His younger brother was José Bonifácio Coutinho Nogueira, who became Secretary of Agriculture (1959–1963) under São Paulo Governor Carvalho Pinto.
They were friends of several proprietors in the area, including Manoel Ribeiro do Valle, who raised stingless bees and became Nogueira Neto's father-in-law.
[4] In 1954 Paulo Nogueira Neto founded the Association for the Defense of the Environment (ADEMA-SP: Associação de Defesa do Meio Ambiente), one of the first environmental organizations in Brazil.

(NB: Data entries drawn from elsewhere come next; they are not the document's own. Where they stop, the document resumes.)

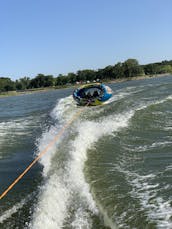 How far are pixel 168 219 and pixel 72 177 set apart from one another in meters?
2.39

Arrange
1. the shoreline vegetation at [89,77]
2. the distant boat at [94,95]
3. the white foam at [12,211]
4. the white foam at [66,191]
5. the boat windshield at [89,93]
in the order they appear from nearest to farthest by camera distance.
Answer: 1. the white foam at [66,191]
2. the white foam at [12,211]
3. the distant boat at [94,95]
4. the boat windshield at [89,93]
5. the shoreline vegetation at [89,77]

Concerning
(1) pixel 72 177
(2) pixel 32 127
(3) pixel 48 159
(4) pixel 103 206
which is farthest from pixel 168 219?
(2) pixel 32 127

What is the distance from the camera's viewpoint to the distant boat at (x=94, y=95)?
17.8m

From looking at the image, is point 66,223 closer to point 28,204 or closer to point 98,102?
point 28,204

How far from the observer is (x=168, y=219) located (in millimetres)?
4250

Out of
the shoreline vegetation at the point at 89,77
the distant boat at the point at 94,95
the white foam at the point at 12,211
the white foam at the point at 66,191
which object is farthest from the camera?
the shoreline vegetation at the point at 89,77

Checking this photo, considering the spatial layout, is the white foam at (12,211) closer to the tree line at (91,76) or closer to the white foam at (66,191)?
the white foam at (66,191)

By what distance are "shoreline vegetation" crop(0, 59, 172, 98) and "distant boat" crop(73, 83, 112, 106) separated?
92.3 m

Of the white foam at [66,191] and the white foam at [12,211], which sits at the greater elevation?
the white foam at [66,191]

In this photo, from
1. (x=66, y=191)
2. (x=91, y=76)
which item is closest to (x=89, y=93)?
(x=66, y=191)

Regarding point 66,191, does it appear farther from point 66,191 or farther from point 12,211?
point 12,211

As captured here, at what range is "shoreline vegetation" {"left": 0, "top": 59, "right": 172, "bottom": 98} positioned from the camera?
119m

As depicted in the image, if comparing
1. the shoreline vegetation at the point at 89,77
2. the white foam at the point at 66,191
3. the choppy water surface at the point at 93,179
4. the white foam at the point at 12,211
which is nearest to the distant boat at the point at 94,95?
the choppy water surface at the point at 93,179

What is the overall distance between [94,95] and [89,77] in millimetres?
107792
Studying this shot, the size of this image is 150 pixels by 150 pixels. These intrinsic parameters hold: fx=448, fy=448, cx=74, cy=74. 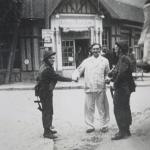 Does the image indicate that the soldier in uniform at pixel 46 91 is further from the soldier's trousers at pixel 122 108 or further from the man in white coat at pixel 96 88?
the soldier's trousers at pixel 122 108

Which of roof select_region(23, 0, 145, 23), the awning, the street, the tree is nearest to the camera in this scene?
the street

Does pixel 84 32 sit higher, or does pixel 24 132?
pixel 84 32

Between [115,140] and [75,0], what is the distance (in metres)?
19.8

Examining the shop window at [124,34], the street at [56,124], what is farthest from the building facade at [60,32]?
the street at [56,124]

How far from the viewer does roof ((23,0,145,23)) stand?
27469mm

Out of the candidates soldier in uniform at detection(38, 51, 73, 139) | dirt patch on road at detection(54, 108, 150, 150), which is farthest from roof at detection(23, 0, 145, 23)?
soldier in uniform at detection(38, 51, 73, 139)

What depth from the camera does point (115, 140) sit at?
28.7 ft

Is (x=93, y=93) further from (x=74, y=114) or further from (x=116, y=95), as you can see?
→ (x=74, y=114)

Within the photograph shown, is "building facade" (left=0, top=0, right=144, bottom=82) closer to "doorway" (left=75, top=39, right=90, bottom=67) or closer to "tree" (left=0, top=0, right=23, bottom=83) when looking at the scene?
"doorway" (left=75, top=39, right=90, bottom=67)

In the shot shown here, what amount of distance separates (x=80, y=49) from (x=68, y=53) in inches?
39.7

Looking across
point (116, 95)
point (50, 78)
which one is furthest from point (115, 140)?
point (50, 78)

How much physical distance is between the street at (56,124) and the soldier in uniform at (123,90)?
0.38 m

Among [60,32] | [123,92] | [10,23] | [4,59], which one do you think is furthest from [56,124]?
[60,32]

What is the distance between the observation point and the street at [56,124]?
8797mm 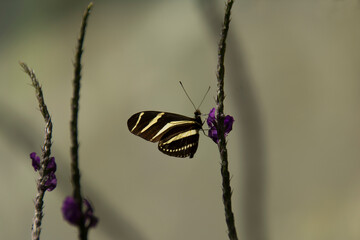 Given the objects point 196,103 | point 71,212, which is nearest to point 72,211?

[5] In the late 1960s he led a group of about 30 professionals at the Paulista Association of Biologists (APAB) who agitated for the creation of the Federal Biology Council (CFBio).
[6] In 1974 Paulo Nogueira Neto was appointed head of the Special Secretariat for the Environment (SEMA), and held this position in successive governments for twelve and a half years.
[4] He was the architect of the National Environmental Policy Law 6.938 of 31 August 1981, which established the administrative, legal and technical foundations for the federal Ministry of the Environment (MMA).
The objective was to establish a network of reserves in federal, state or municipal area that would preserve representative samples of all the ecosystems in Brazil.
At one time the commission went to visit the Amazon a few days after the governor of Amazonas, Gilberto Mestrinho, had said it was sheer nonsense to try to protect the forests, which would not be exhausted in 1,000 years.
[8] Nogueira Neto was twice elected vice president of the Man and the Biosphere Program of the United Nations Educational, Scientific and Cultural Organization (UNESCO).